(Beginning of SUPPLIED DATA)
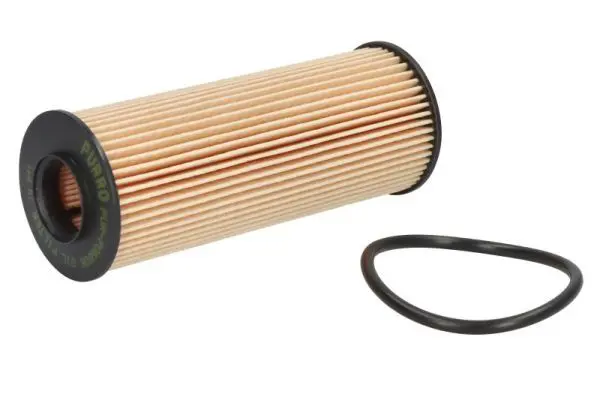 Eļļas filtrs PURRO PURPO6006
(End of SUPPLIED DATA)
(Beginning of SUPPLIED DATA)
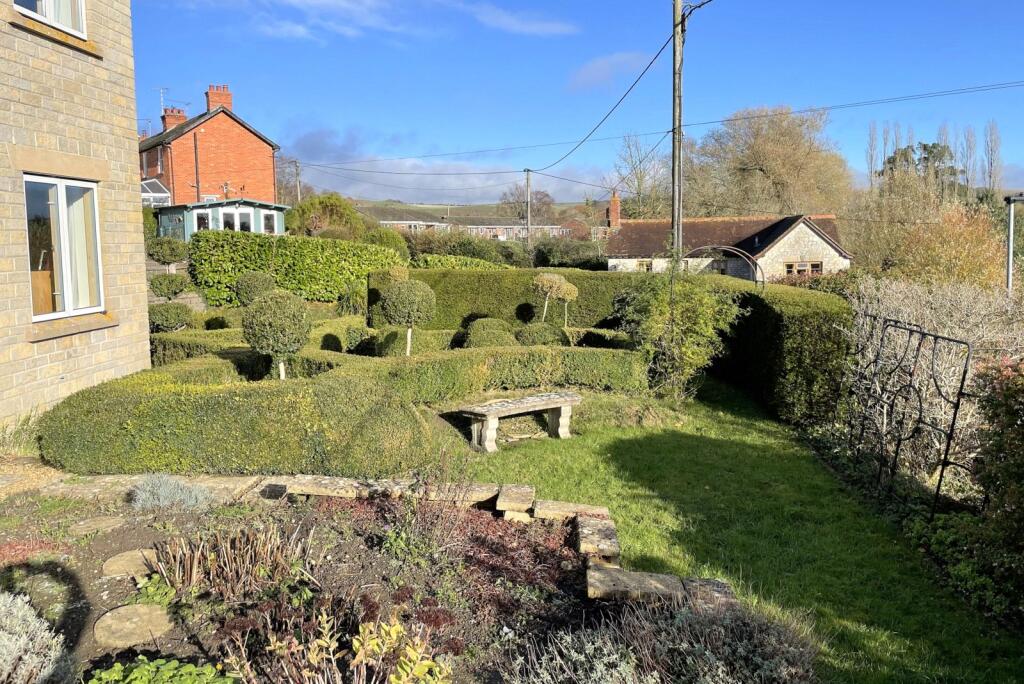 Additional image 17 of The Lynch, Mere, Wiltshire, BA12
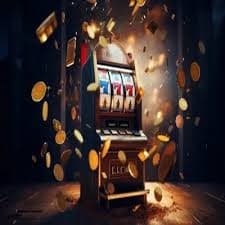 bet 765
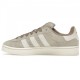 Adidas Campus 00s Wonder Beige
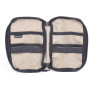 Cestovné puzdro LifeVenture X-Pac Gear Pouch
(End of SUPPLIED DATA)
(Beginning of SUPPLIED DATA)
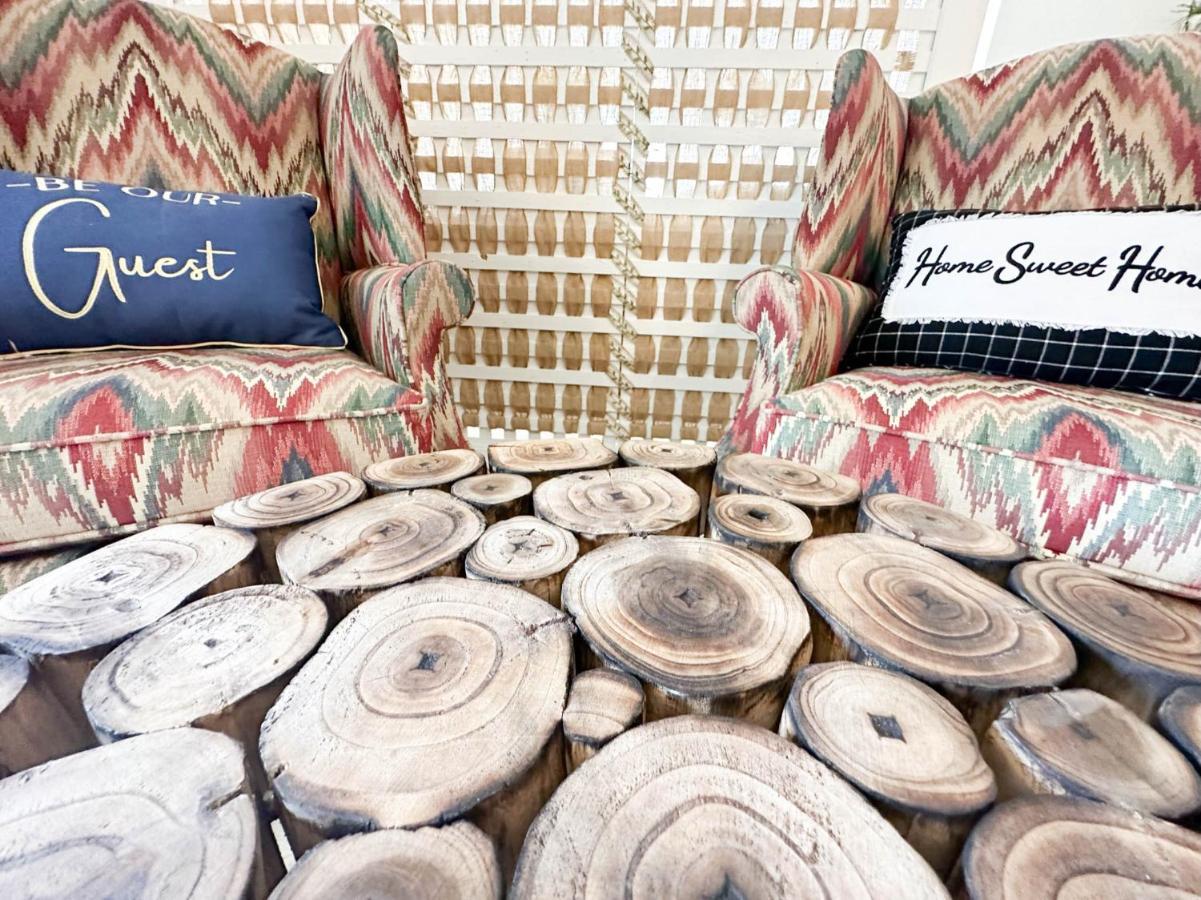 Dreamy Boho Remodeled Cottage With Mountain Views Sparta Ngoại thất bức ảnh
(End of SUPPLIED DATA)
THE TASK:
Look above for the line holding "Adidas Campus 00s Wonder Beige" and output everything from it down to the line holding "Cestovné puzdro LifeVenture X-Pac Gear Pouch", both ends included, exactly and without images.

RESPONSE TO THE TASK:
 Adidas Campus 00s Wonder Beige
 Cestovné puzdro LifeVenture X-Pac Gear Pouch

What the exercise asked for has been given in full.